A couple of nights back, we were watching When Harry Met Sally on the Star Movies channel, which is operated by NOW Broadband, part of the largest telecommunications company here, PCCW.
We were of course waiting with baited breath for THAT scene. Well, it came, but Meg Ryan didn’t. She wasn’t given the chance. The idiots at PCCW decided that a film shown between 9 and 10.40pm would pervert the youth (or more worryingly the adults) if it included more than half a dozen grunts from Ms Ryan, cut to the Jewish lady saying “I’ll have what’s she’s having”.
Absolutely pathetic. And yet they routinely show people torturing each other and killing each other. And cheating each other, and lying to each other, if you want to get all moral about things.
I agree that it’s pathetic, but this argument is an apples to oranges kind of thing.
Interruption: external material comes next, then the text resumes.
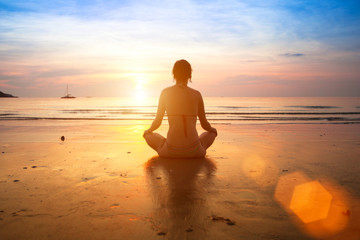 Woman practicing yoga on the beach at sunset.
Normal people don’t want to kill or torture, but everybody wants to fuck. Showing violence doesn’t present a temptation like showing sex does.
Not the point. Sex is a (relatively) harmless and (mostly) pleasurable activity. What is the harm of providing some titillation, even if it is a temptation.
Violence on the other hand is harmful and only pleasurable to some. Most people by your own words don’t want to participate, so why make a big deal out of it.
However, the two need not be mutually exclusive of course, in that a film could contain both violence and sex, or neither.
But what does that mean? We can show very gross stuff because no one will ever copy it…we can’t show normal stuff in case people decide to go off and be normal?
There is something very sad about a society when then they censor sex before violence…most societies
In The People vs Larry Flynt there is a scene in which Flynt presents a slide show where slides alternate between mutilated bodies from the Viet Nam war and naked women. “Take a picture of a mutilated body”, he says, “and they give you an award. Take a picture of a naked lady, and they put you in jail. I ask you, which is more obscene?”
It’s a powerful message about censorship. And yet when this movie plays on TV, which pictures from the slide show are blurred out? The naked women, of course.
I know. These crazy Puritanical values have made America into a completely prudish society. We should be more like those Eastern countries that value sexuality.
What’s that you say? We’re not talking about the US? Huh.
Well, kinda, yeah. It’s similar to the difference between showing a motorcycle jumping the grand canyon, or a kid on a bike jumping a homemade 5-foot ramp over a pit he poured gasoline in and lit.
Which do you think would be more “dangerous” for the general public to watch?
(I’ve never seen the latter depicted in film, but it was a fun personal pastime in my misspent youth.)
I disagree with the prudish attitude about sex adopted by the FCC, and see no harm in depictions of sex, but I do understand why people get uptight about sex moreso than violence. It makes perfect sense to me, despite the fact that I disagree with the underlying premise. (Sex is bad.)
I’m kind of curious about that, too. From my short visits to Hong Kong, it appears that almost everyone lives in a tiny flat in a huge block, sharing maybe 10 square meters with a family of 10 or so, including grandparents. Where *do * HK’ers go to fuck? Hotels?
Perhaps it’s simply necessary to do what they can to keep their libidos down, or they’d go crazy.
I thought the Japanese just objected to showing pubic hair. Leading thousands of Japanese porn stars to shave their genitals in the name of public decency. And probably contributing to the American fad for the same. Prudery has some interesting consequences dunnit?
I kinda doubt that. Not just because I’d wager that Japanese porn isn’t all that popular stateside… Personally, I’d put my money on oral sex rather than Japanese culture as an influence.
Apples and oranges indeed. There is little correlation between the morality/propriety of an act itself, and that of showing the act in a movie.
There are few activities more normal or everyday or morally neutral than taking a dump, but I have yet to see this depicted explicitly in any movie not involving Cartman’s mom—nor do I want to, nor do I expect to.